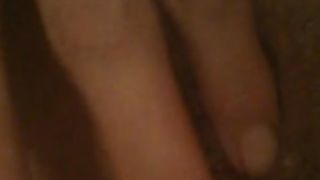 Ditalino nella fighetta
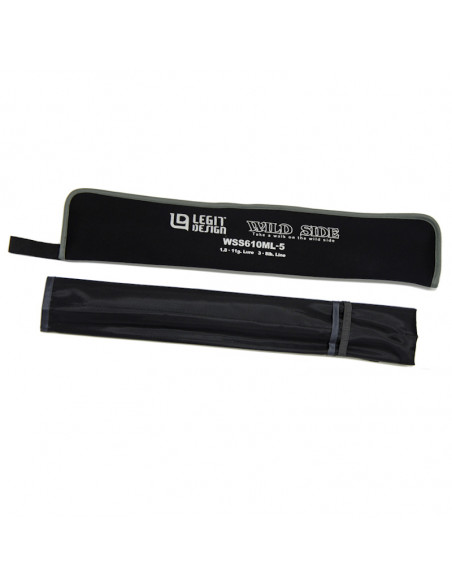 Legit Design Wild Side WSS610ML-5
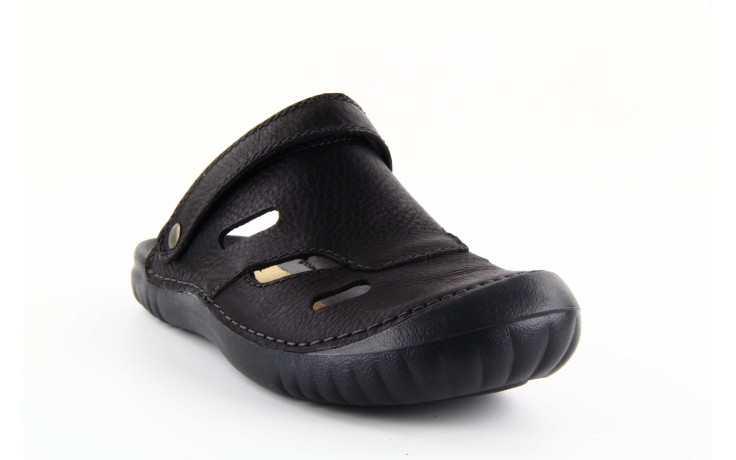 Clarks wirrel beat black 2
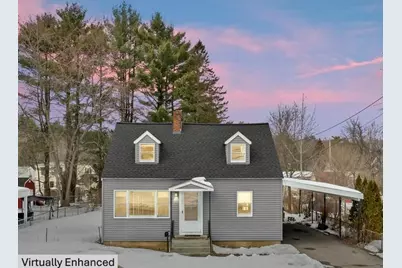 99 Washington Street, Rochester, NH 03867 - Photo 1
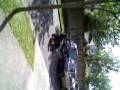 videos de Robbie towing Sean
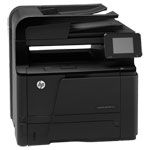 HP LaserJet Pro 400 MFP M425dw HP LaserJet Pro 400 MFP M425dw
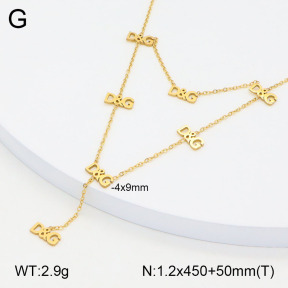 PN1758503vbnb-696  Dolce&Gabbana  Necklaces
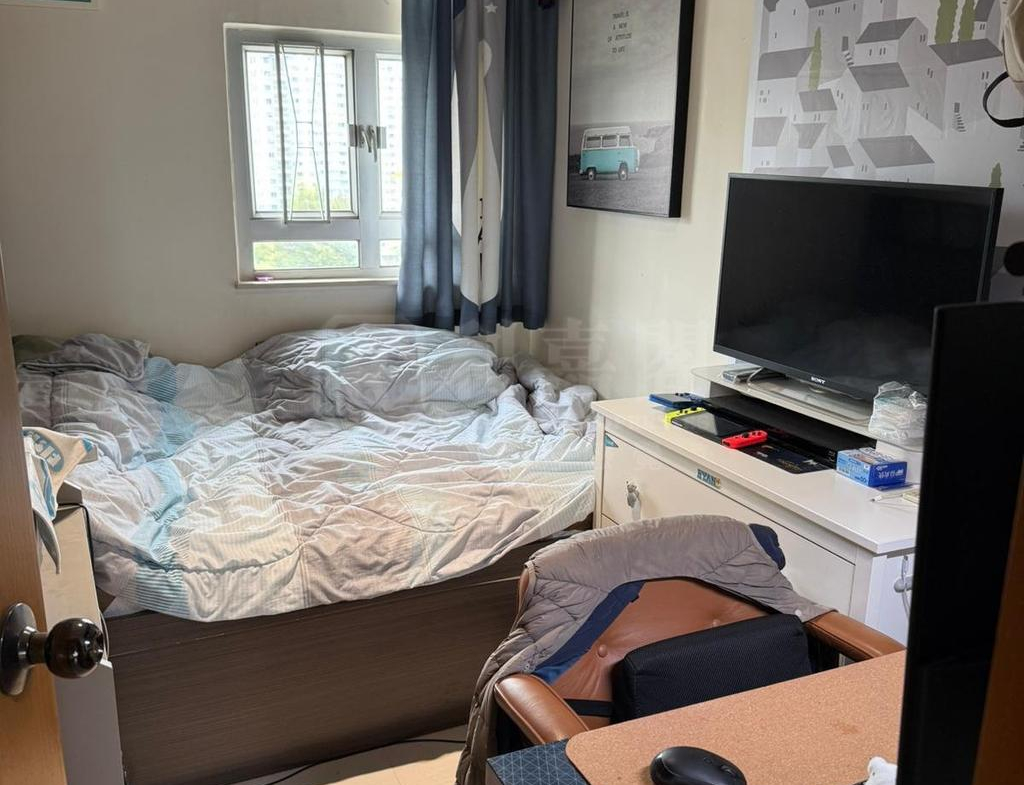 兆麟苑 華麟閣 (L座) - 28NTS – 香港北部都會區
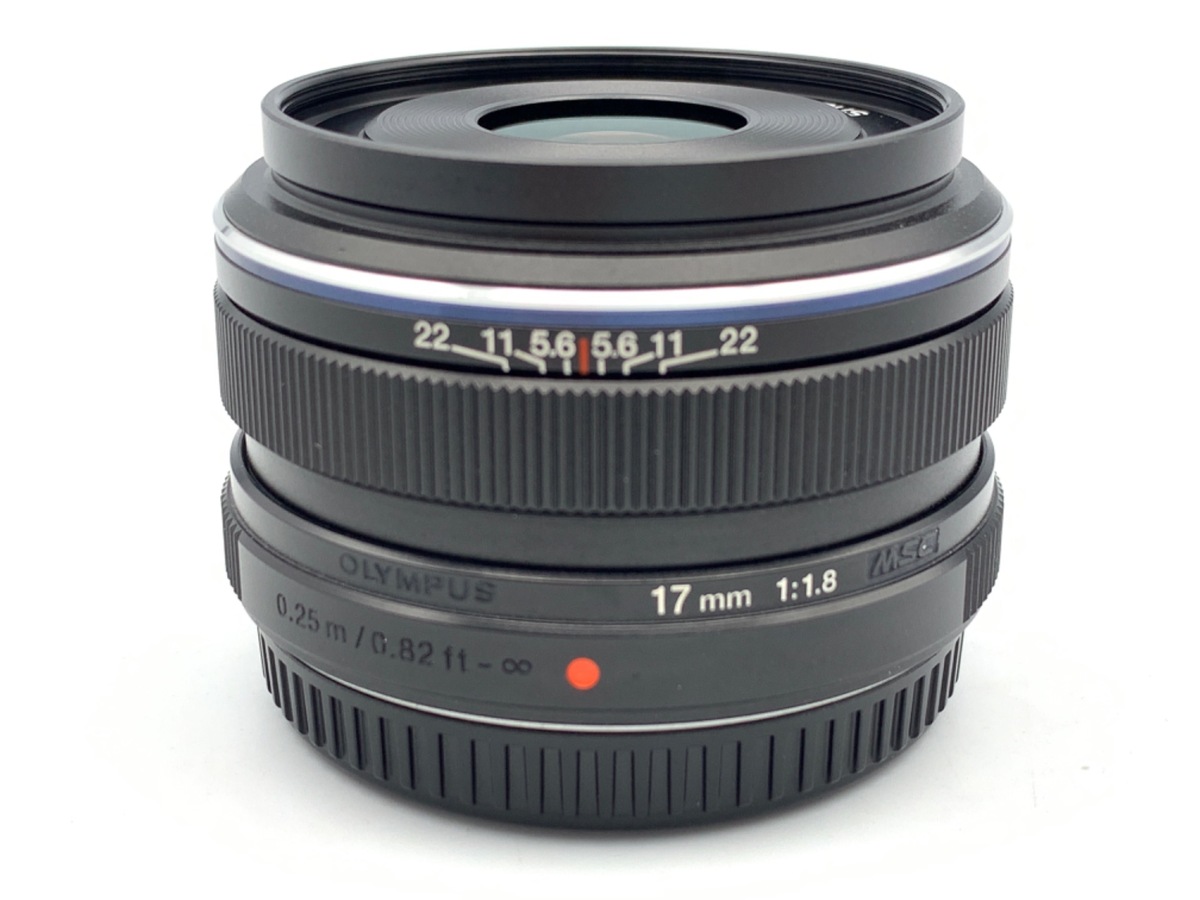 M.ZUIKO DIGITAL 17mm 1:2.8 中古美品 M.ZUIKO DIGITAL 17mm F2.8 中古価格比較 - 価格.com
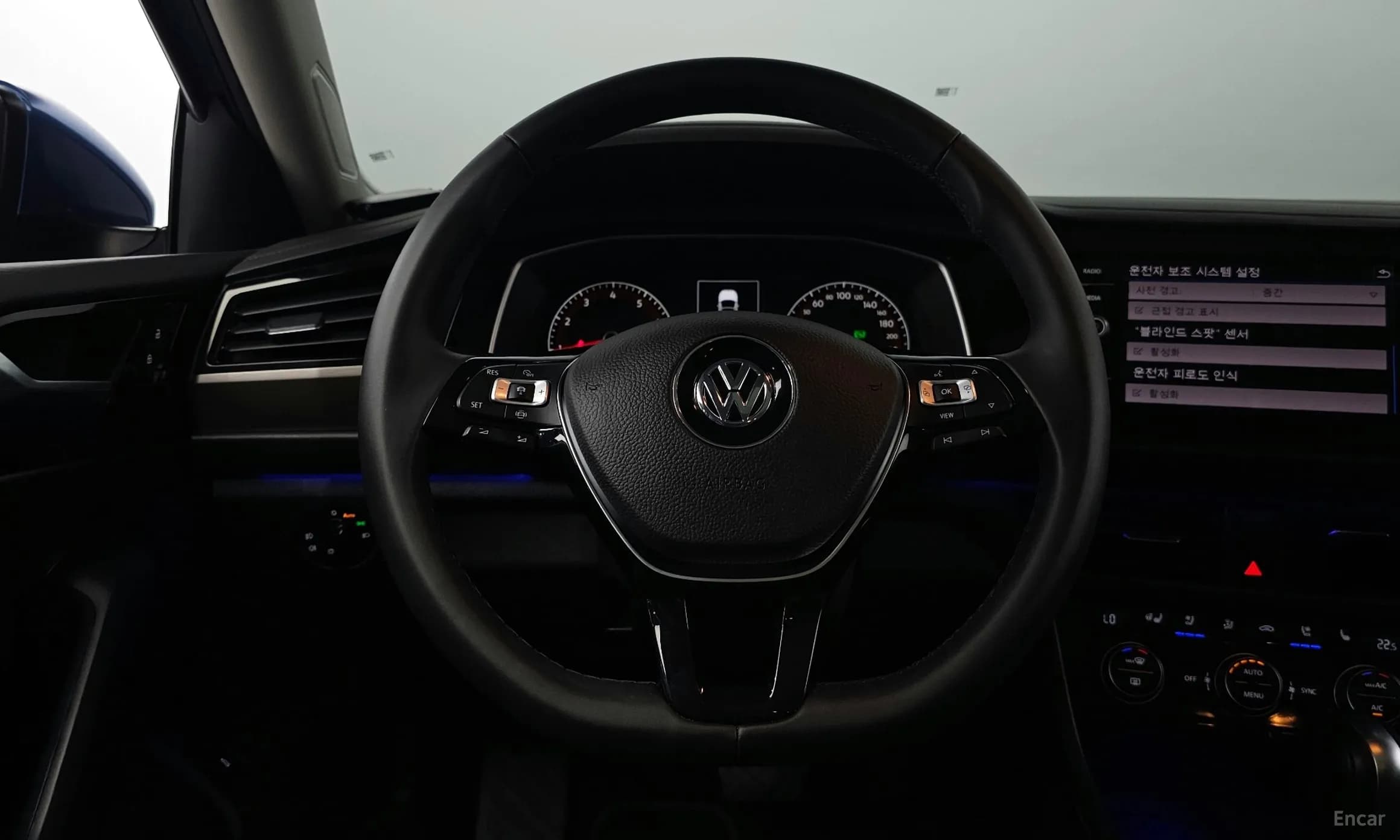 Jetta 7th Generation
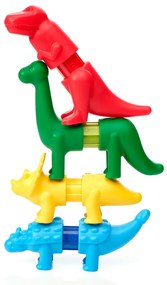 SmartMax - I miei primi dinosauri - 14 pz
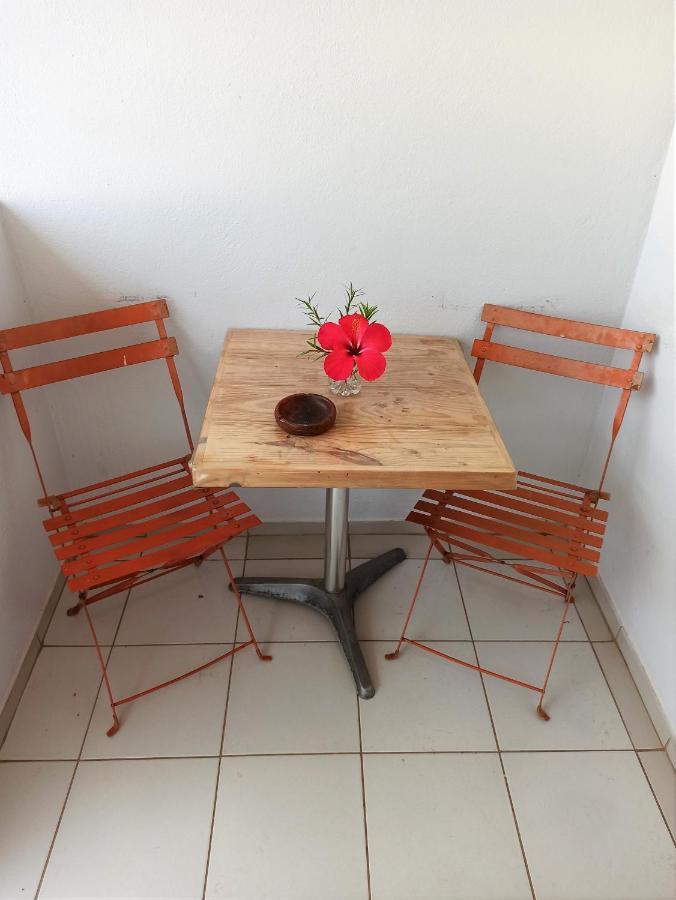 Chez Jeanne Auberge Talata-maty 외부 사진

——————————

Skip the pictures, then write out every entry exactly.

 Ditalino nella fighetta
 Legit Design Wild Side WSS610ML-5
 Clarks wirrel beat black 2
 99 Washington Street, Rochester, NH 03867 - Photo 1
 videos de Robbie towing Sean
 HP LaserJet Pro 400 MFP M425dw HP LaserJet Pro 400 MFP M425dw
 PN1758503vbnb-696  Dolce&Gabbana  Necklaces
 兆麟苑 華麟閣 (L座) - 28NTS – 香港北部都會區
 M.ZUIKO DIGITAL 17mm 1:2.8 中古美品 M.ZUIKO DIGITAL 17mm F2.8 中古価格比較 - 価格.com
 Jetta 7th Generation
 SmartMax - I miei primi dinosauri - 14 pz
 Chez Jeanne Auberge Talata-maty 외부 사진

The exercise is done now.